Seguro Garantia-Bode

SEGURO GARANTIA-BODE

Clovis Guimarães Filho1


Os governos, federal, estaduais e municipais, pagaram seguro garantia-safra a mais de 700 mil agricultores familiares do semiárido na safra 2010-2011 e, por incrível que pareça, ainda fazem ruidosa publicidade dessa ação que pode ser considerada como um prêmio a um insucesso planejado. O foco central dos debates é equivocado. Não se discute a produção e o que precisa ser feito para incrementá-la. Praticamente não se vê nos noticiários publicidade sobre tonelagens recordes, ou mesmo normais, de milho e feijão produzidas, apenas quantas mil famílias foram “beneficiadas” com os programas de distribuição de sementes ou com o pagamento do seguro. Bastante compreensível a omissão, considerando que os cultivos de milho e do feijão no semiárido só têm chance de sucesso em três de cada dez anos de cultivo. Evidentemente que, face a sua heterogeneidade natural, com pelo menos dez unidades diferenciadas de paisagem, existem zonas do semiárido onde essas chances são bem maiores (36% do total, segundo o estudo). O problema é que o seguro garantia-safra é aplicado para qualquer área do semiárido, sem critério claro de zoneamento e na grande maioria dos cultivos, nas zonas mais secas, o agricultor familiar não conta com qualquer apoio técnico capaz de, pelo menos, fazê-lo associar alguma técnica de preparo do solo para captar e armazenar um pouco mais da pouca água que cai, nem mesmo uma simples curva de nível.

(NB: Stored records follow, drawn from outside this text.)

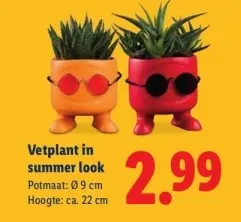 Aanbieding: Vetplant in summer look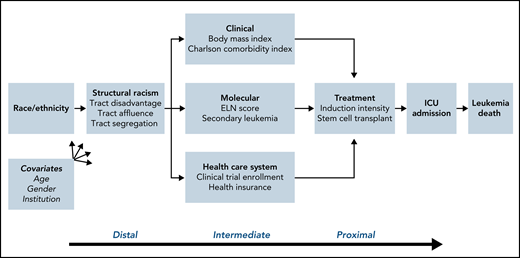 Mediating factors of death in AML. Causal diagram demonstrating the interplay of elements that impact leukemia death. These include the distal factor of structural racism, intermediate factors including clinical and molecular characteristics and health care access, and proximal factors of treatment patterns and complications. The impact of these in turn are adjusted by age, sex, and institution.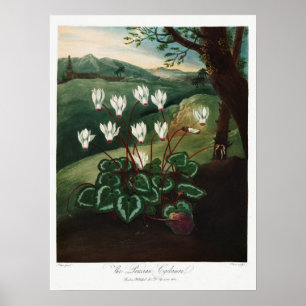 Póster Ilustracion de flores de época
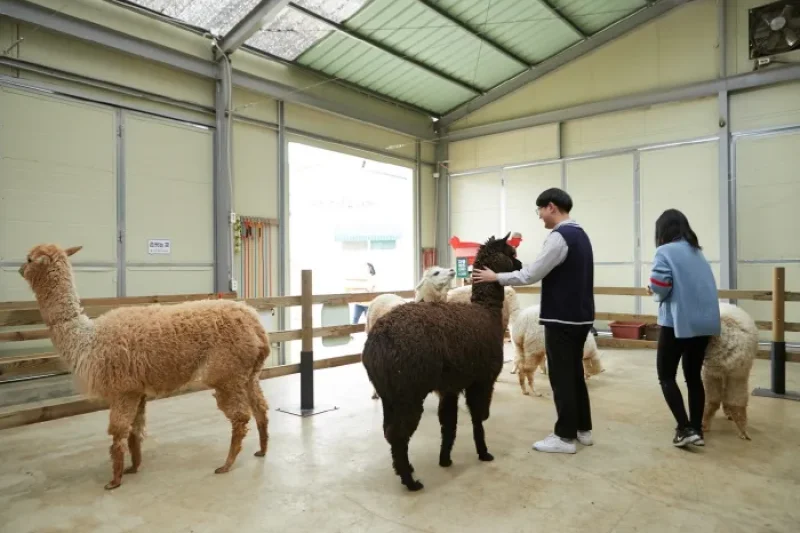 AlpacaWorld  (20/39)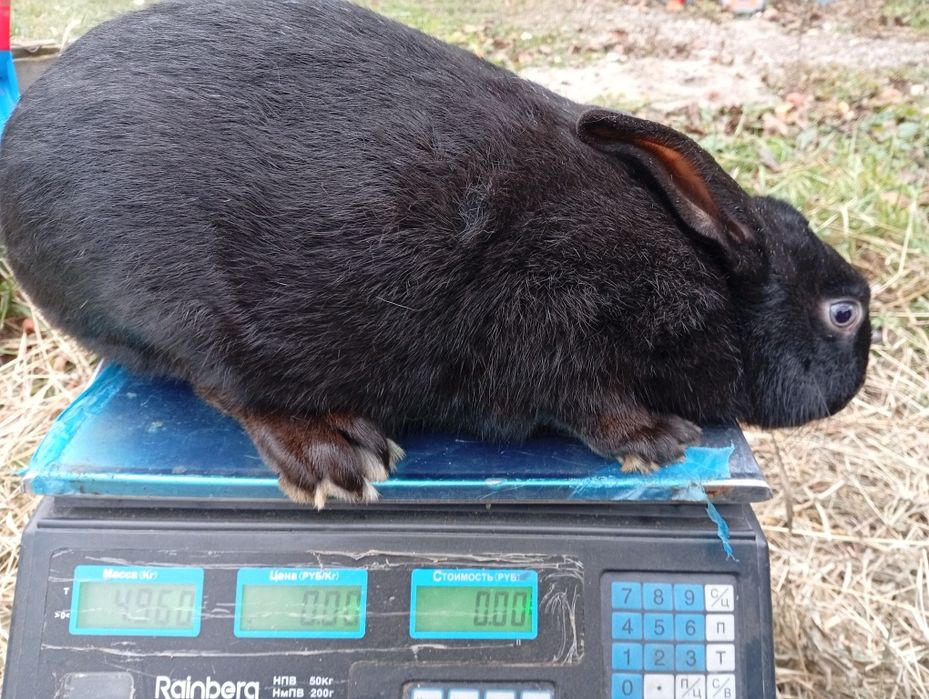 Продам кролів самець для спакри або на забій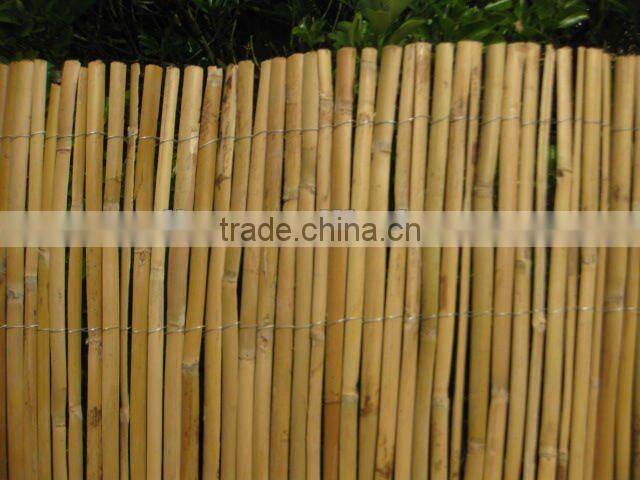Reed Privacy Fence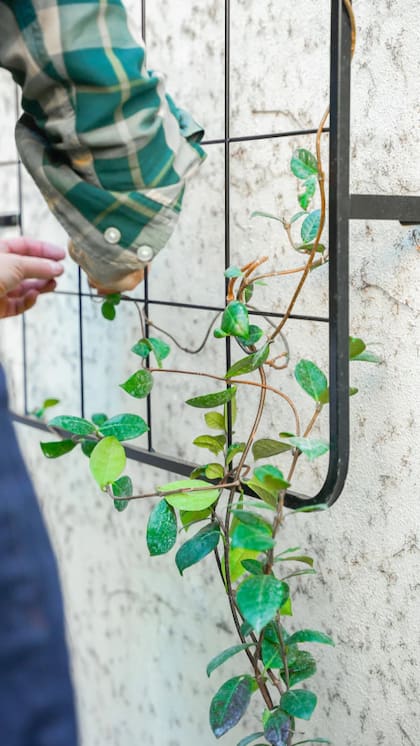 Uno de los primeros desarrollos fueron diferentes diseños de tutores para plantas.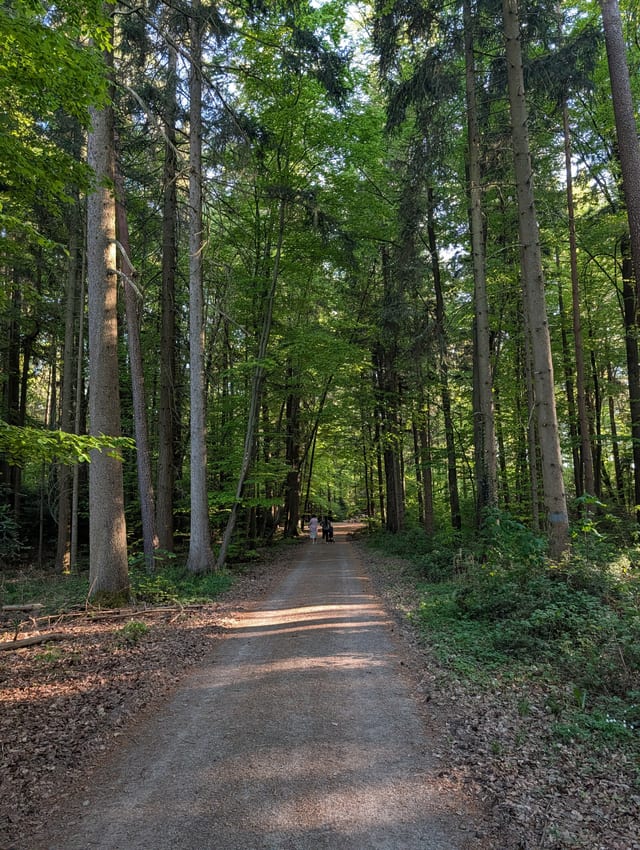 Waldwege ab Haustür — Ausflugsziel Nordschwarzwald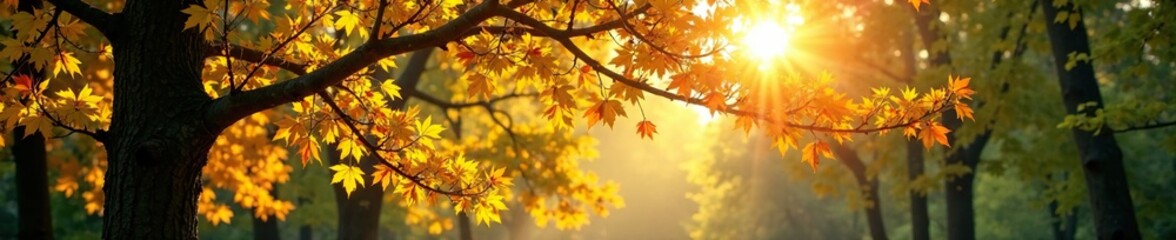 Sunlight filters through leaves of deciduous trees in spring, deciduous, sunlight, spring
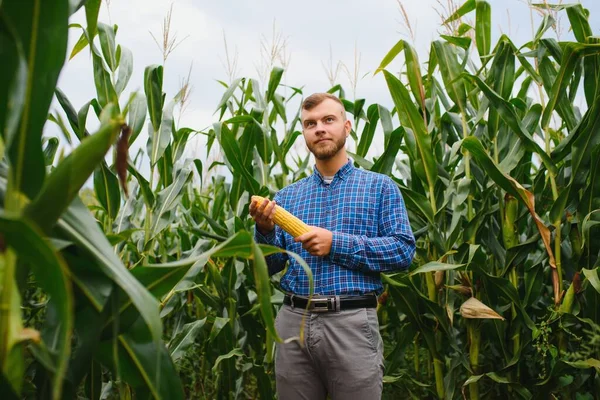 Kukoricacsutkát Ellenőrző Mezőgazdasági Termelő Földjén — Stock Fotó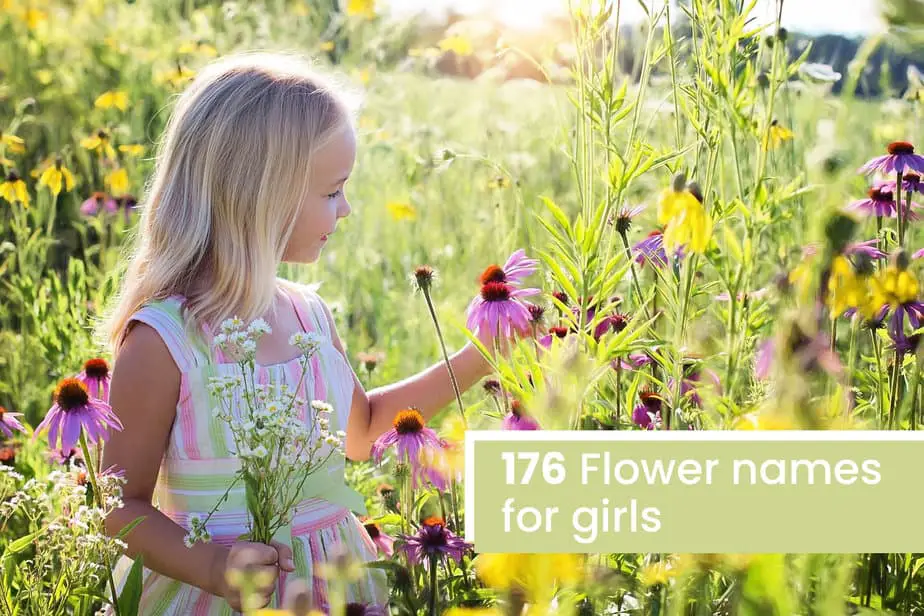 flower-names-for-girls-176-names-with-a-meaning-very-many-names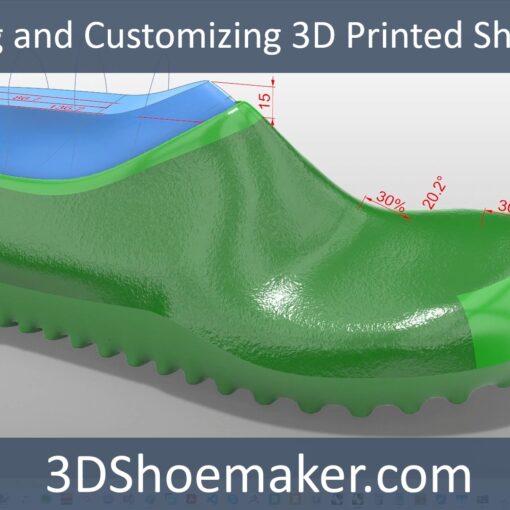 Designing and Customizing 3D Printed Shoe Models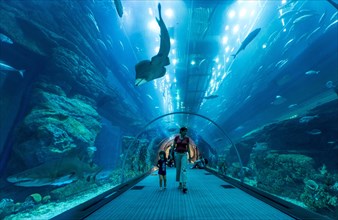Dubai Aquarium and Underwater Zoo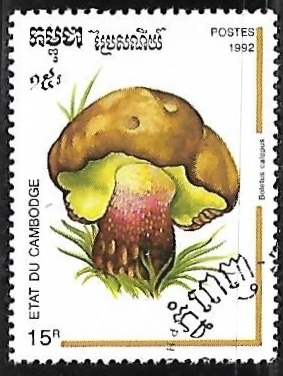 Setas - Boletus calopus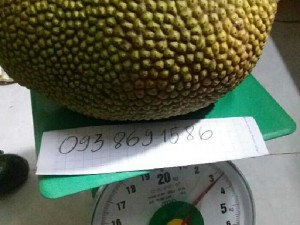 Mít chín cây Vườn nhà Dậu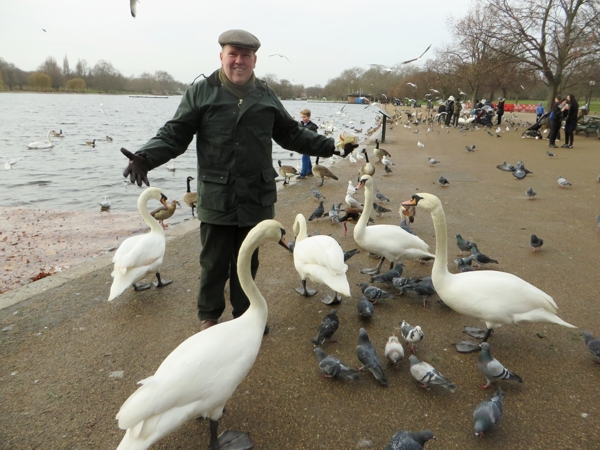 Bill and the Swans 4 (Blog)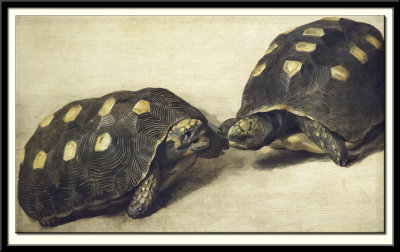 Study of Two Brazilian Tortoises, 1640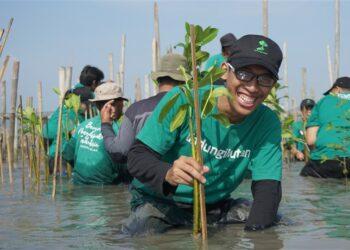Startup LindungiHutan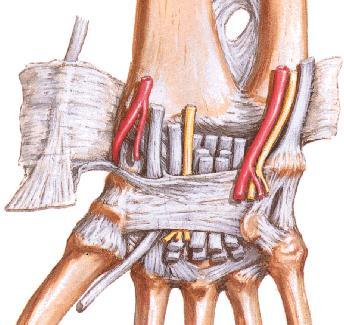 ARTICULAÇÃO DO PUNHO ARTICULAÇÕES RÁDIO-ULNAR DISTAL E RÁDIO-CÁRPICA A articulação rádio-ulnar distal é formada pela cabeça da ulna e incisura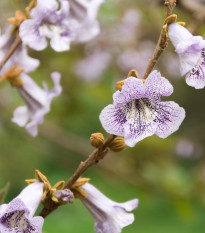 Paulovnia catalpifolia - Paulownia - semená - 15 ks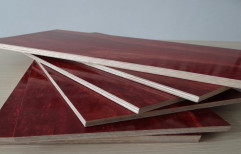 Rectangular Shuttering Plywood, Thickness: 12 mm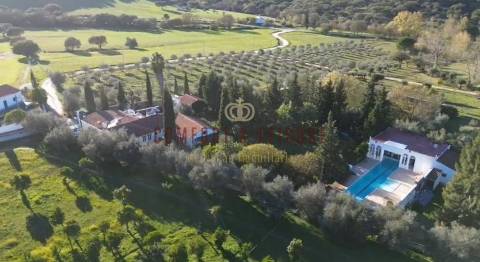 Quinta T5 Venda em Évora Monte (Santa Maria),Estremoz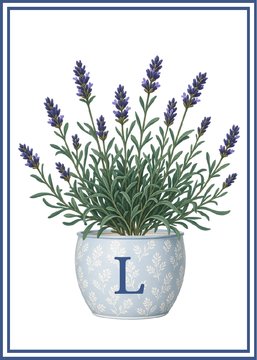 L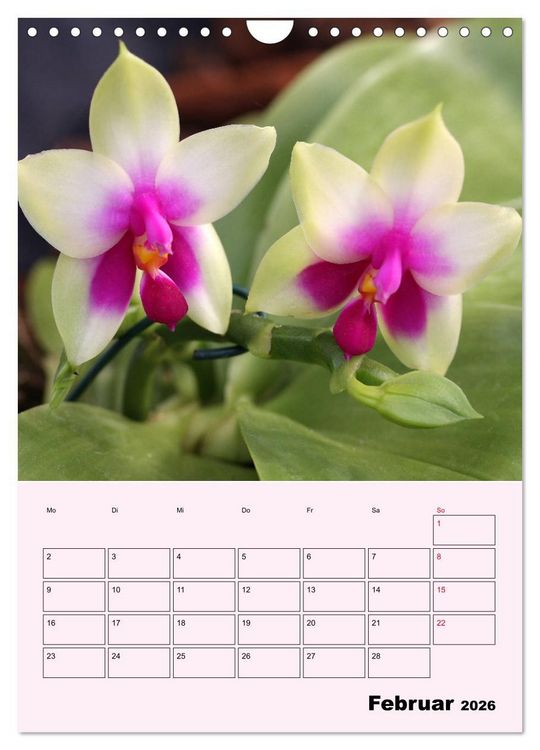 Produktbild: Orchideenliebe (Wandkalender 2026 DIN A4 hoch), CALVENDO Monatskalender
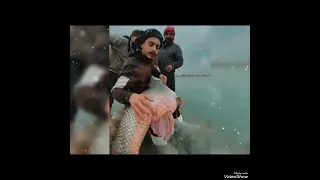 لن تصدق صبر الصبر ومر المر تحدي اشعار شعر 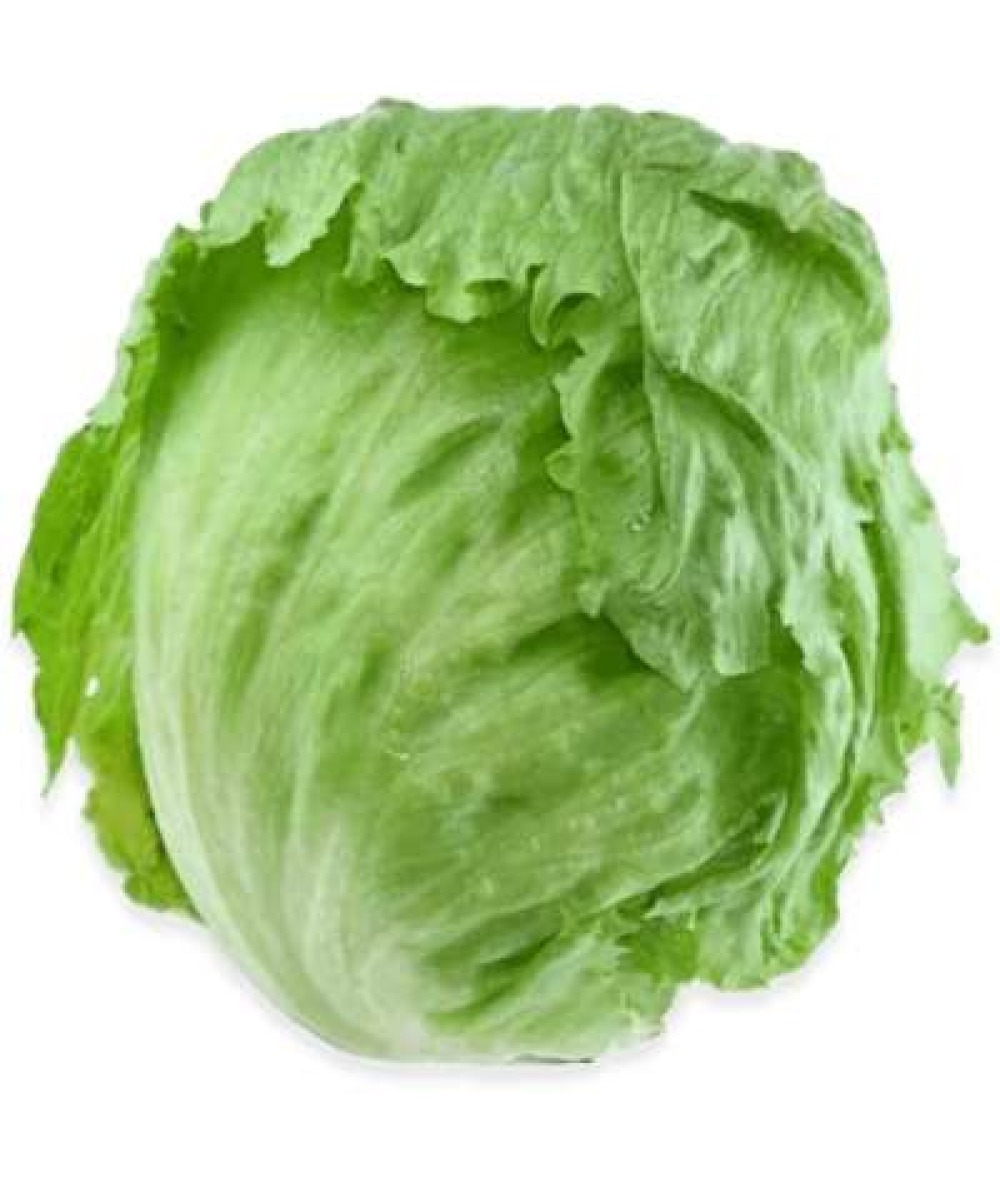 THE FARMER FRESH ICEBERG LETTUCE 400G+/-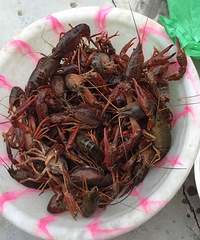 晚饭吃的有点晚 …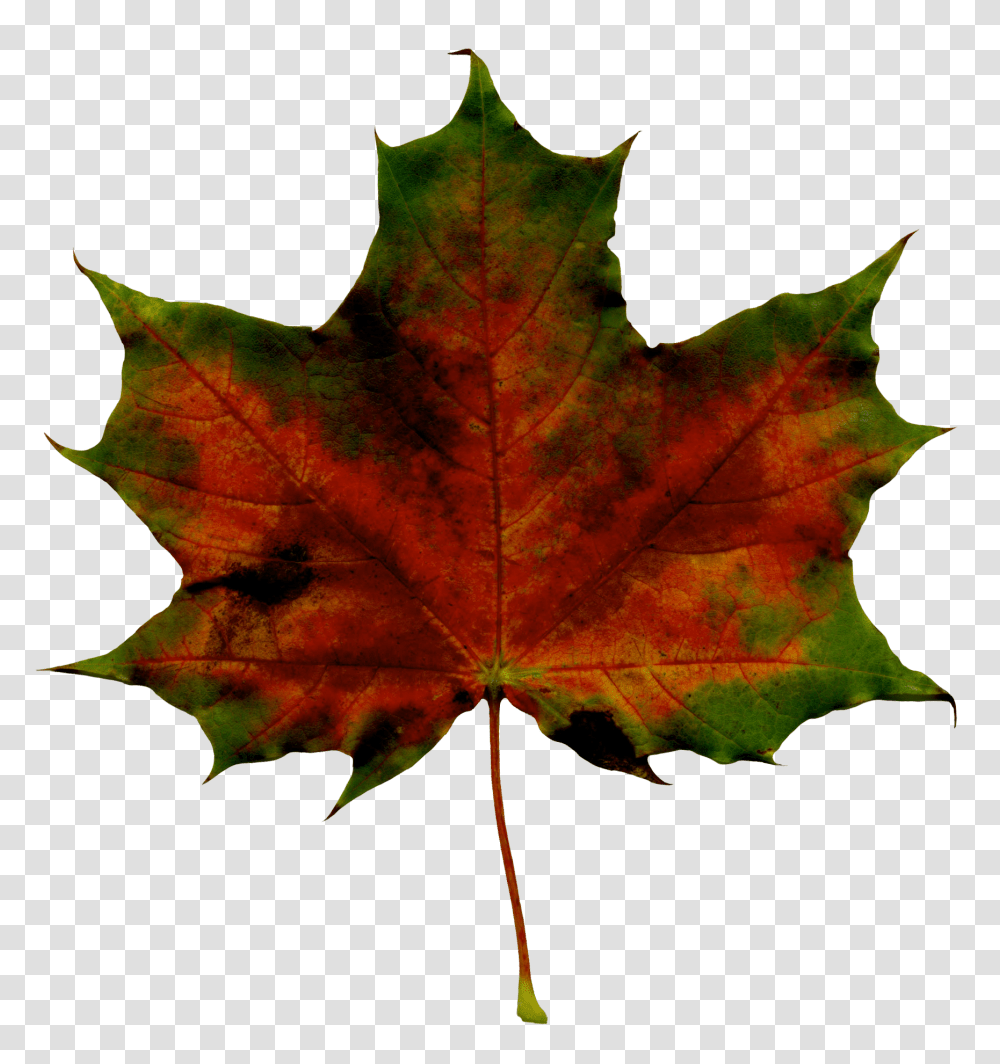 Red Fall Leaf Clipart, Plant, Tree, Maple, Maple Leaf Transparent Png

Um estudo da Embrapa indica que essas culturas são de muito baixa viabilidade em mais da metade da área do semiárido, aquela correspondente às áreas consideradas no estudo como de “baixa oferta ambiental”. Somente no estado do Piauí o governo já pagou mais de 120 milhões de reais aos agricultores por perdas na safra no período 2003 a 2010. Dos mais de 68 mil agricultores inscritos no Garantia Safra 2010-2011, apenas 338 (meio por cento) conseguiram salvar mais de 50% da produção esperada. Pode-se afirmar que, de certa forma, eles foram induzidos a plantar o que não deveriam plantar. Em Pernambuco, dos 66 municípios inscritos, 52 comunicaram perdas ao MDA. Acompanhamos, no último ano agrícola, no Sertão do São Francisco, 41 propriedades que receberam sementes milho e feijão e horas de trator para cultivo em 13 localidades. O resultado: campos de milho com produtividade média de 1,32 saco/hectare e de feijão com produtividade média de 4,78 sacos/hectare. Os pluviômetros dessas localidades registraram chuvas que variaram de 320 a 647 mm. Os produtores não receberam assistência técnica durante o ciclo das culturas.

Por que a persistência com este programa que estimula o cultivo do que não dá para pagar o seguro porque não deu? Por que não limitam o seguro às áreas onde essas colheitas sejam agronomicamente mais viáveis e nas áreas mais secas implantam um seguro mais coerente com aquilo que realmente é estratégico para a vida do produtor que nelas habita? Os presumidos danos causados pela perda da safra de milho e feijão já são historicamente absorvidos pelo produtor familiar das zonas mais secas, pelo simples fato de que os produtos mais básicos para sua sobrevivência são o caprino, o ovino, o mel, a galinha e o umbu. Esses são, sim, exemplos de produtos que efetivamente garantem a sobrevivência, e, se bem orientados, a acumulação dos meios de produção das comunidades do semiárido. Seria um programa que poderia genericamente se chamar seguro “garantia-bode” ou “seguro-bode”, o que sintetiza aquilo que realmente o produtor familiar precisa, pois quando a falta de chuvas induz uma escassez desses produtos, o produtor e sua família têm realmente comprometida a sua sobrevivência. Todo o mundo sabe do valor do bode como o principal fator de fixação do caatingueiro, mas, até hoje, nenhum programa massivo de formação de reservas de forragem para o período seco foi implementado. Alguém sabe qual foi o estoque estratégico, em toneladas de silagem ou de feno ou de palma ou de palhadas, montado pelos estados do Nordeste para enfrentar o período seco de 2011? E para 2012, quais são as metas previstas? Só existem planos para tentar atenuar os resultados das catástrofes, nenhum para realmente prevení-las.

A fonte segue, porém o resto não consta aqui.